Whatever else organizations may be 
 they are political structures. This means that organizations operate by distributing authority and setting a stage for the exercise of power.
Abraham Zalzenik
Insofar as knowledge is power, communication systems are power systems.
David Barber1
“Would you tell me please, which way I ought to go from here?” “That depends a good deal on where you want to get to,” said the [Cheshire] Cat. “I don’t much care where –” said Alice. “Then it doesn’t matter which way you go,” said the Cat. “– so long as I get somewhere,” Alice added as an explanation.

CENTRAL THEMES

  • Power usually is thought of as the “ability to dominate” other people. Not only does this perspective ignore the “accomplishment” aspect of power, but also it seriously oversimplifies its multifaceted nature.
  • Power has two components: a “surface structure,” which consists of overt displays of power and conscious but unspoken decisions about who, when, and how to challenge power relationships; and a “deep structure,” which consists of unconscious elements of power relationships.
  • Power is in the eye of the beholder.

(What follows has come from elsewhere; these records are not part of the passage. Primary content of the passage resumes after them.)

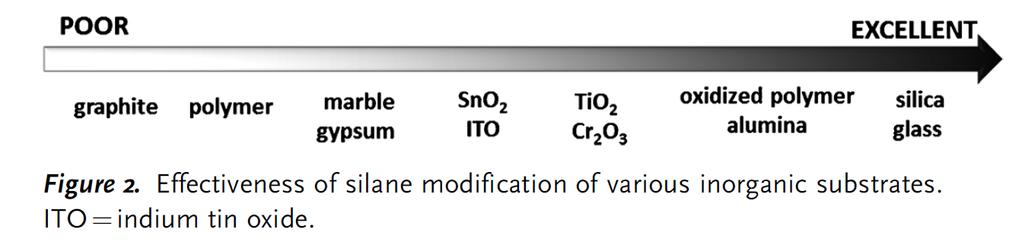 Surface modifications of oxides 18 Pujari, S. P. et al.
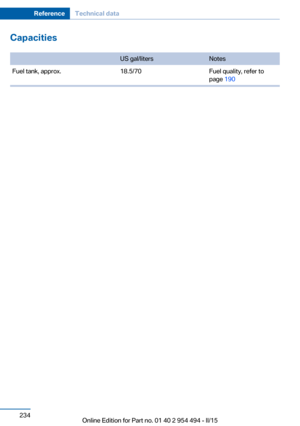 Page 238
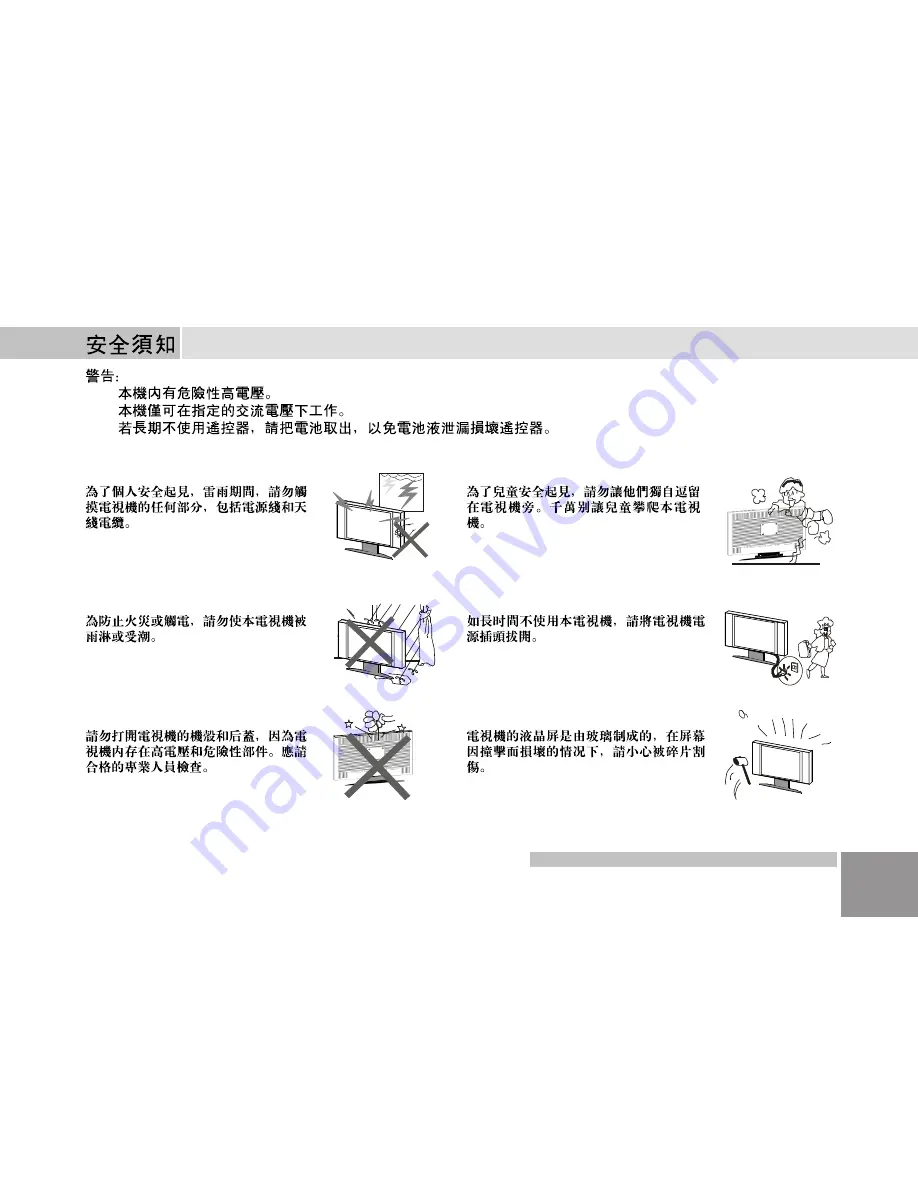 Digimate LTV-3203 User Manual Download Page 30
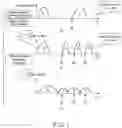 Fig. 02 - Semiconductor memory device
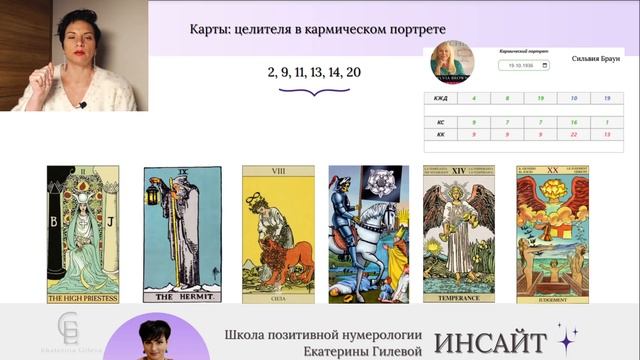 Код целителя в дате рождения/ Нумерология таро/ Гилёва Екатерина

Whenever people are able to control resources that others perceive they need, they have a potential base of power.
  • Employees can develop power through developing personal characteristics (expertise, interpersonal skills, and access to symbols of power) and through controlling key resources (information, rewards and punishments, and roles in coalitions).
  • Power is obtained and exercised through a predictable group of communication strategies.
  • One of the effects of social and organizational power relationships is to silence the voices of dissenting individuals. These processes help explain unethical and/or illegal organizational behavior.
  • Power also serves to silence the voices of “different” employees. One of the most important sources of resistance to power relationships is raising those voices.

KEY TERMS

  1. sovereign power
  2. disciplinary power
  3. empowerment
  4. surface structure of power
  5. open face of power
  6. hidden face of power
  7. deep structure of power
  8. organizational politics
  9. exemplification
  10. open persuasion
  11. manipulative persuasion
  12. manipulation
  13. justifications
  14. rationalizations
  15. rhetorical messages
  16. strategic ambiguity
  17. indirect questions
  18. self-disclosure
  19. denotative hesitancy
  20. mobbing
  21. collective resistance
  22. testing limits
  23. discursive closure
  24. nullification
  25. whistleblowing
  26. circumvention
  27. development
  28. “practical” questions
  29. “technical” questions
In the first two units of this book we introduced a number of key concepts: organizations and their members are embedded in complex social, political, and economic systems. These systems were created through strategic actions, and in turn guide and constrain the actions of the organizations that exist within them. Similarly, employees must strategically draw upon the rules and resources that are available to them to achieve their goals and the goals of their organizations. But, people are not just workers – they have complex lives and interpersonal relationships, and must find ways to deal with the competing pressures that exist in each of the systems that surround them. Furthermore, they must develop strategies for dealing with all of these pressures, with all of their “identifications” as explained in Chapter 5. Because we are “knowledgeable” actors, we can meet this challenge, and in the process reproduce and sometimes change those systems. In the chapters that make up this unit, we return to those key concepts and apply them to a number of challenges that are faced by employees and organizations in the twenty-first century. In this chapter we examine organizational power relationships as a key dimension of institutionalized structures and assumptions, and view organizational politics as the strategic management of power. In Chapter 8 we offer a parallel analysis of organizational decision making and conflict management. Chapter 9 focuses on communication and organizational change. In the final three chapters, we return to societal context and examine three challenges that stem from organization-society relationships – diversity, globalization, and ethics.
The words power and politics are used by almost everyone to explain much of what happens in life and at work. Consumers decry their powerlessness in the face of big business. Students complain that they are victimized by arbitrary professors and administrators, and are powerless to do anything in response. Subordinates vow to change their organizations for the better as soon as they advance to positions of authority (but they rarely do). Power influences employees’ choices about which audiences to address (and which to avoid) and how to communicate to them. Political considerations tell people what actions must be taken in particular situations and what actions and emotions should be suppressed.
If subordinates see their supervisors as powerful members of their organizations, their job satisfaction tends to increase and their tendency to withhold or distort information decreases. Similarly, if subordinates perceive that their supervisors are actively involved in organizational politics, they may trust them less and be more likely to withhold information (Jablin, 1981). Employees base their choices about how to communicate partly on their assessment of organizational power and politics, and their choices about how to communicate create and reproduce power relationships.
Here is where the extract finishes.